Speaker
Description
Coronal dimmings are temporary regions of strongly reduced emission in extreme-ultraviolet (EUV) and soft X-rays caused by expansion and evacuation of plasma associated with coronal mass ejections (CMEs).
We seek to gain insight into observed features of coronal dimmings (location, dynamics, intensity distribution) as they relate to magnetic reconnection due to the associated flare. We analyze the X2.1 flare/CME event on September 6, 2011 by combining EUV observations of coronal dimmings from SDO/AIA with MHD simulations initiated by a non-force-free magnetic field extrapolation.

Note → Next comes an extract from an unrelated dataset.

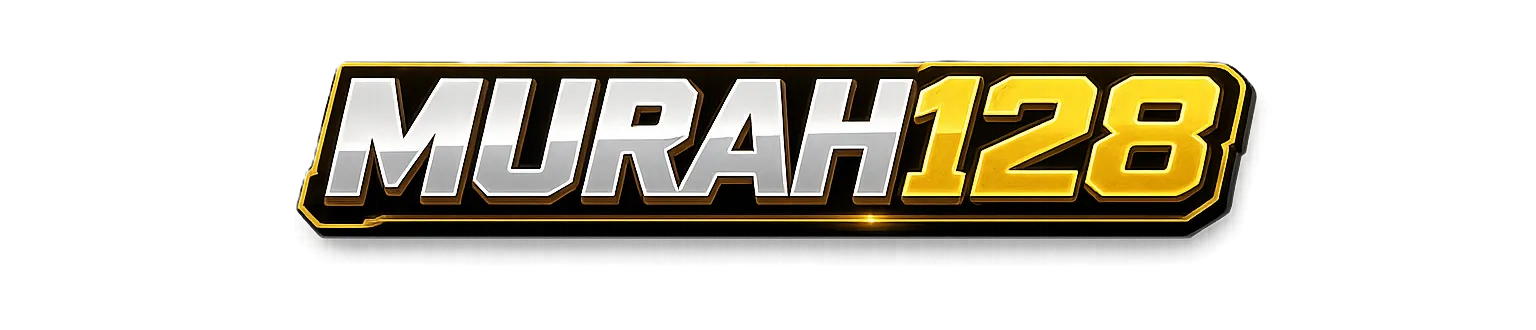 MURAH128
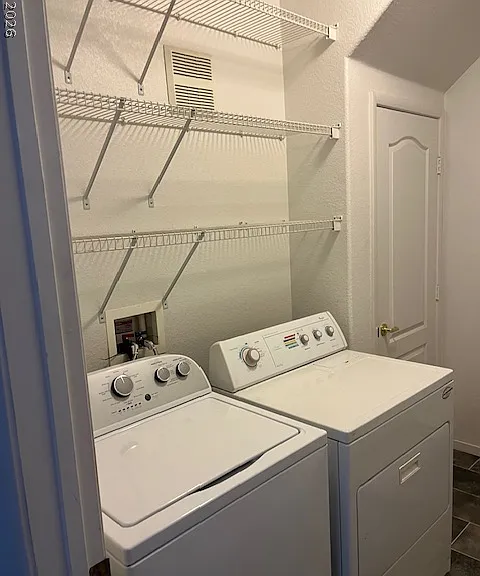 9901 Trailwood Dr #1125 — Photo 12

The extrapolation captures a 3D null point configuration overlying a highly sheared arcade, co-spatial with an observed sigmoid in 94Å. Prior to the flare, small but distinctly bipolar dimming regions are observed in 211Å logarithmic base-ratio images. These dimmings likely form due to rising magnetic loops reconnecting at the pre-existing 3D null point; the reconnection leads to the expansion and loss of previously confined plasma.
The simulated dynamics show the transfer of twist from the arcade to the overlying loops through reconnection, forming a flux rope. We find that simultaneous reconnections at the 3D null and an X-type geometry, newly formed between the flux rope and lower-lying arcades, can explain the observed flare ribbons.
Finally, reconnection at the 3D null transforms closed inner spine field lines into open field lines of the outer spine. Footpoints of these field lines appear to trace the dome as they correspond to a ring-shaped dimming region. Plasma loss along open field lines can potentially explain dimming regions of strongest intensity decrease.